While saving in Bitcoin involves new concepts that don't otherwise exist in traditional economic models (such as a cryptographic ledger or UTXO sets), Bitcoin commerce is well aligned with traditional economics. The goal is simply to make and receive payments. For businesses it means selling goods and services -- getting paid in Bitcoin. For customers it means paying for goods and services -- as easily as you would pay in cash.

If you're coming from a fiat mindset, that is, commerce within fiat currency, Bitcoin commerce might seem odd at first, but you'll find it similar to traditional (pre-fiat) business models. This is because most of those traditional business models developed under a gold standard (a sound money standard).

As a result, you may find commerce under a Bitcoin standard to be intuitive and simple, almost naive, with none of the complex financialization one finds in modern fiat. There are however some new concepts, in particular new technical concepts that are worth understanding. We will describe and help demystify these new concepts, especially those necessary for understanding commerce in Bitcoin.

Lightning Network

Lightning is a Bitcoin payment network (proposed in this 2016 whitepaper). It allows virtually unlimited scaling of Bitcoin payments; and is built on top of the Bitcoin network as a second-layer network. In other words, the base-layer network has no visibility into lightning payments, but only provides final settlement of lightning channels.

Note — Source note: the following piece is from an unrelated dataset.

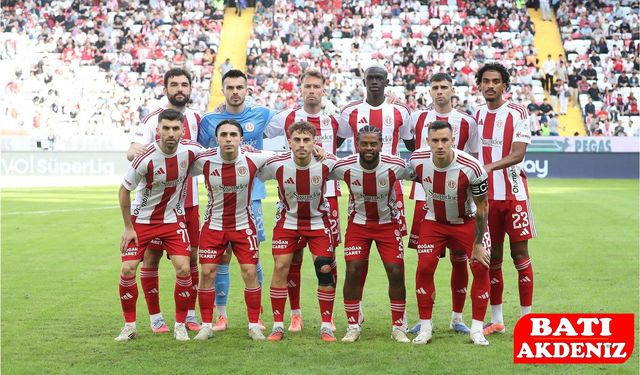 Süper Lig 10. Hafta: Antalyaspor 0 – RAMS Başakşehir 4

In effect, Lightning is a network of channels between peer-to-peer Bitcoin nodes. Each channel provides liquidity between two nodes; a balance on each side. Lightning routes payments through the channels, allowing users anywhere in the network to send and receive Bitcoin anywhere else on the network (provided there is sufficient liquidity in the channels).

There are plenty of great resources to understand the implementation details of the Lightning Network, and while still very early it has seen widespread early adoption.

lightning geo map

Lightning Network Map -- each line is a channel

Public Channels

The above is a map of all public lightning channels. A public channel is simply a routable channel connected to the broader lightning network. This is a peer-to-peer network that routes payments anywhere. Another way to think about it, these are the channels that are not otherwise hidden. Public channels (and nodes) are discoverable on sites such as 1ml, amboss.space, or through LnRouter,

lightning network explorer

LnRouter -- exploring public nodes

Importantly, anyone can use the Lightning Network, and anyone with a node (a Bitcoin full node with lightning software) can join. To join, simply request to open a channel with one of the nodes on the network. The moment you have at least one open channel, your node will be discoverable by others. Additionally, a well-connected node could potentially earn sats by routing payments.

Private Channels

A private channel is simply a channel between two nodes that is not otherwise discoverable. Private channels (and entire private networks) can easily be created for situations where all participants wish to remain private. For example, payments between nation states or business entities wishing to remain private.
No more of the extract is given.